20There was sworn evidence given on your behalf by your brother-in-law, who said that in the ultimate when you are released, the family will support you. You come from a large family, they visit you in gaol, and you do have that support in the background awaiting your ultimate release. That gives me confidence in terms of the prospects for rehabilitation.
21I do not think I need to go into any greater detail than that in terms of this sentencing process. Insofar as the suspended sentence is concerned, the breach was for the very same offending, and accordingly there has to be significant accumulation in relation to that. It is hard to say what the sentence would have been but for the very significant sentence, to say the least, that you are currently undergoing, and I think the simplest bit is that I will just sentence you on each of these and see what the future holds.
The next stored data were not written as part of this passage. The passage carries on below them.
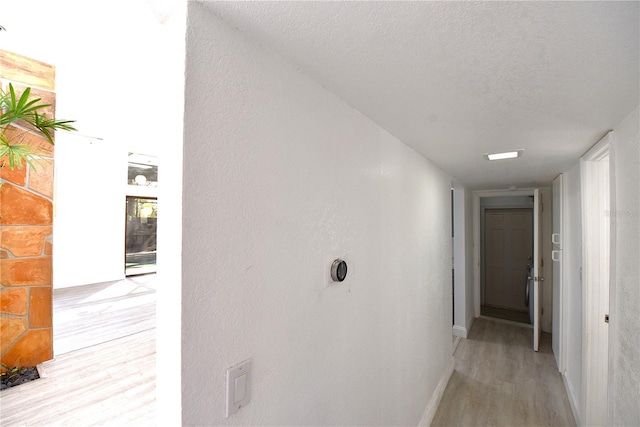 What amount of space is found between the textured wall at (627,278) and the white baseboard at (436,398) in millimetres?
1292

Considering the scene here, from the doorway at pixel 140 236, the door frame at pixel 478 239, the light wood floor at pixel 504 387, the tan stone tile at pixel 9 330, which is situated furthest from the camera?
the doorway at pixel 140 236

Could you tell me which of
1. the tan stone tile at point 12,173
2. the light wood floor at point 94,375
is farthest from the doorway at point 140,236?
the tan stone tile at point 12,173

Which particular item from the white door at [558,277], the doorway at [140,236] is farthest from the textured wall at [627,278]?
the doorway at [140,236]

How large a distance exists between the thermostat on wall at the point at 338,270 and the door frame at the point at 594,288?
2.20 m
22Accordingly on the State indictment, on Charge 1, two months concurrent; on Charge 2, two months concurrent; on Charge 3, 12 months; on Charge 4, 24 months; on Charge 5, 24 months.
23I direct that six months of the sentence imposed on Charge 3 and 12 months of the sentence imposed on Charge 5 be served cumulatively upon each other and upon the sentence imposed on Charge 4. That gives an effective sentence on that indictment of 42 months.
24Insofar as the suspended sentence is concerned, there being no exceptional circumstances and on my finding the breach proved, I direct that the 12 months be fully restored. I direct that six months of that restored suspended sentence be served cumulatively upon the sentence that you are currently undergoing. To that point, that means you have an effective head sentence now of 10 years and six months. Of the 42 months that has been imposed upon the State indictment this day, I direct that two years of that 42 months be served cumulatively upon the sentence that you are undergoing and the suspended sentence that I have just restored. That means that at this moment in time you have a head sentence of 12 and a half years.
25I understand that those matters have been appealed to the Court of Appeal, and ultimately that will be a matter for them, but working on that basis and on the succinct plea that was put on your behalf today, it seems to me that to increase your minimum term by anything dramatic would be crushing and potentially not in the interests of anybody.
26Accordingly, I direct that pursuant to s.14 you commence a new minimum term of six years commencing today. I say that I am not going to give 6AAA disclosures because it would have been impossible, but the 42 months, I can simply say would have been 63 months had you not pleaded guilty. So does that add up? In effect it is about 14 months extra on the minimum term. I am not going to go into days, but that is about what has happened.
27Thank you. I might say counsel have been very helpful, because things can go forever if there's not a lot of common sense shown sometimes.